Depuis 2010, les allocataires sont notés en fonction du risque qu'il représente via un algorithme utilisé par la Caisse nationale d'allocations familiales.

"J’avais une note de 0,4". Pour détecter les fraudes, la Caisse nationale des allocations familiales utilise des algorithmes. Algorithmes qui permettent de "noter" les allocataires en fonction du risque qu'ils représentent, indique Franceinfo. Explications.

Le "datamaning" pour identifier les fraudes

La Cnaf a recours à une technique numérique de statistiques prédictives, le "datamaning", généralisée depuis 2010. Cette dernière consiste, en croisant diverses données dans différentes administrations à identifier les risques d'erreurs ou de fraude dans un dossier d'allocataire, révèlent nos confrères. La Caisse nationale d'allocations familiales a en fait développer une "politique d’automatisation du déclenchement des contrôles",  le sociologue Vincent Dubois, professeur à l’Institut d’études politiques (IEP) de Strasbourg et auteur de l’ouvrage Contrôler les assistés. Genèses et usages d’un mot d’ordre interrogé par Franceinfo.

Comment fonctionne cet algorithme ? 

Une journaliste indépendante livre un aperçu du fonctionnement de ce système à nos confrères : en mars 2021, après avoir échangé avec la Caf qui lui réclamait injustement un trop-perçu de 542 euros, Lucie découvre qu’on lui a attribué un "score de risque". Elle s'est ensuite aperçue qu'elle avait une "note de 0,4". "Je n'étais donc pas trop risquée... Mais un petit peu quand même". "Je me suis alors rendue compte que ma déclaration d'aide au logement et de prime d’activité passait par la moulinette de l’algorithme de la Caf", poursuit la journaliste.

Quels sont les critères qui affectent cette note ? "Être pauvre, toucher les minima sociaux, être travailleur·se précaire ou bien une femme isolée", avance La Quadruple du Net.

Pour aller plus loin encore, la Cnaf a créé un "profil type de présumé fraudeur", selon Noémie Levain, juriste à La Quadrature du net. Le principe ? "Un score de risque est attribué à chaque allocataire. Plus ce score se rapproche de 1 et plus le risque de subir un contrôle est élevé." 

Vives critiques 

Cet algorithme suscite un tollé pour plusieurs raisons. D'abord, parce qu'il viserait plus particulièrement les personnes précaires, avec des variations de ressources régulières, ensuite, parce que la multiplication de déclarations de prestations, souligne Franceinfo. En effet, les déclarations trimestrielles de ressources sont souvent complexes à remplir. 
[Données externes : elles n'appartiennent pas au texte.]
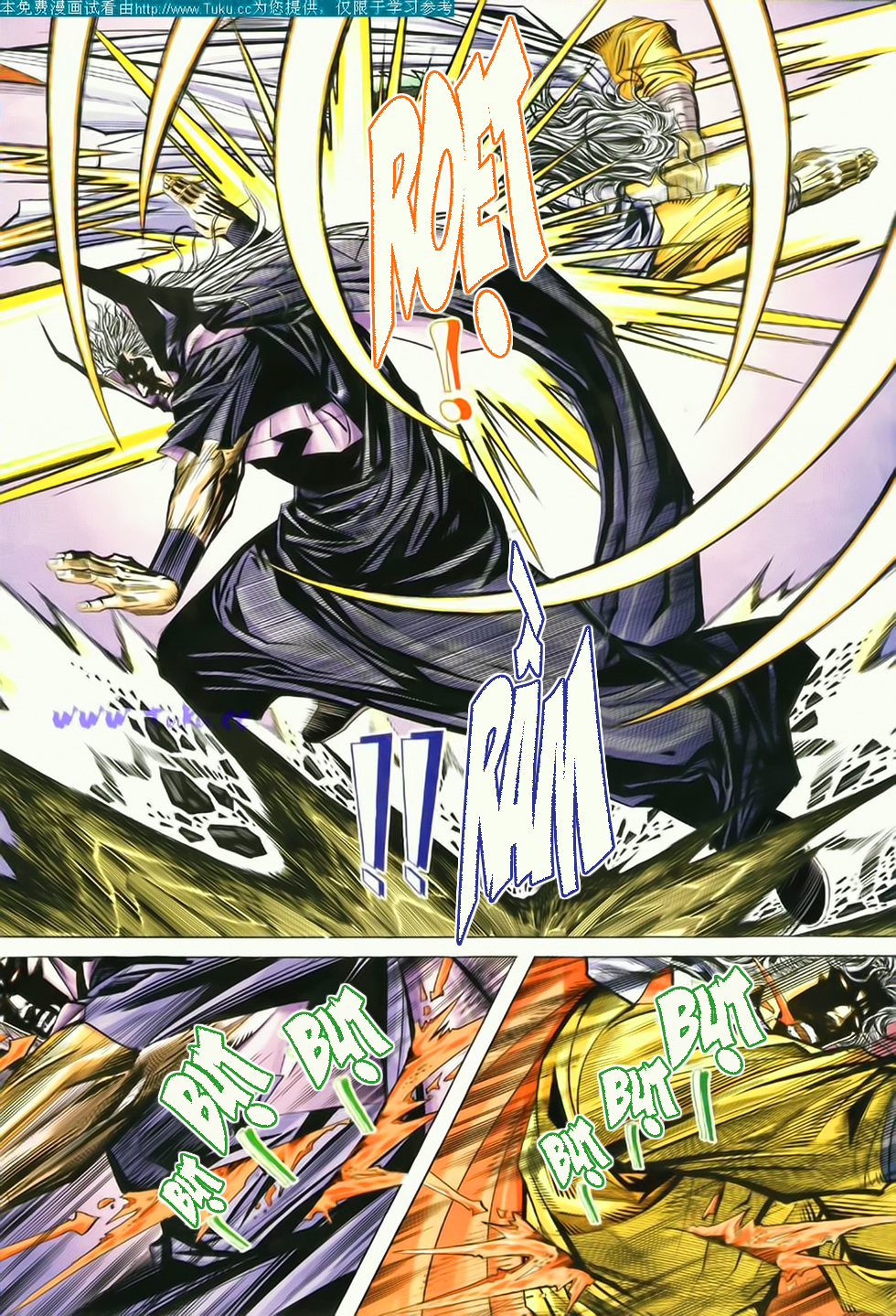 Bá Đao chap 183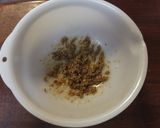 減塩 春菊のごまあえ作り方4写真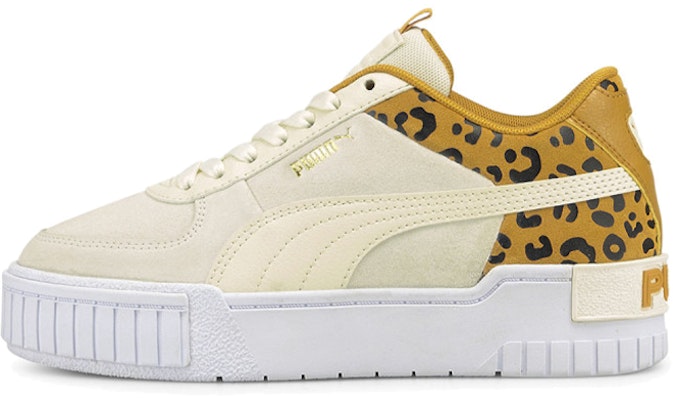 (Youth) Puma Cali Sport Roar 'Ivory Glow Mineral Yellow' 380919-01 Buy (Youth) Puma Cali Sport Roar 'Ivory Glow Mineral Yellow' 380919-01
"On retrouve une surreprésentation de personnes aux minima sociaux. Plus quelqu’un est précaire, plus il est considéré comme 'risqué'", affirme un membre de La Quadrature du net.

Chaque mois la CAF confie à un algorithme la tâche de "noter" ses allocataires : les plus mauvais scores gagnent le droit d'être contrôlés. Exigeons l’arrêt de ces pratiques de surveillance généralisée au service de politiques discriminatoires. https://t.co/oiegE9ZS33

— La Quadrature du Net (@laquadrature) October 19, 2022

Ensuite, parce que le contrôle CAF est décrit comme une "véritable mise à nu numérique" par l'association : accès aux comptes bancaires, aux données détenues par les autres administrations, par les fournisseurs d'énergie ou les opérateurs téléphoniques, analyse des adresses IP... 

Accès aux comptes bancaires, aux données détenues par les autres administrations, par les fournisseurs d'énergie ou les opérateurs téléphoniques, analyse des adresses IP... À la CAF, le contrôle est devenu une véritable mise à nu numérique.

— La Quadrature du Net (@laquadrature) October 19, 2022

En septembre 2017, dans un rapport, le Défenseur des droits pointaient du doigt les "dangers" de l'utilisation du datamaning et mettait en garde contre un risque de discrimination. En effet, Franceinfo rappelle qu’une circulaire interne de la Cnaf datée de 2012 recommandait de "cibler les personnes nées hors de l’Union européenne". 

Interrogée sur ce point, la Cnaf n’a pas répondu aux sollicitations de nos confrères.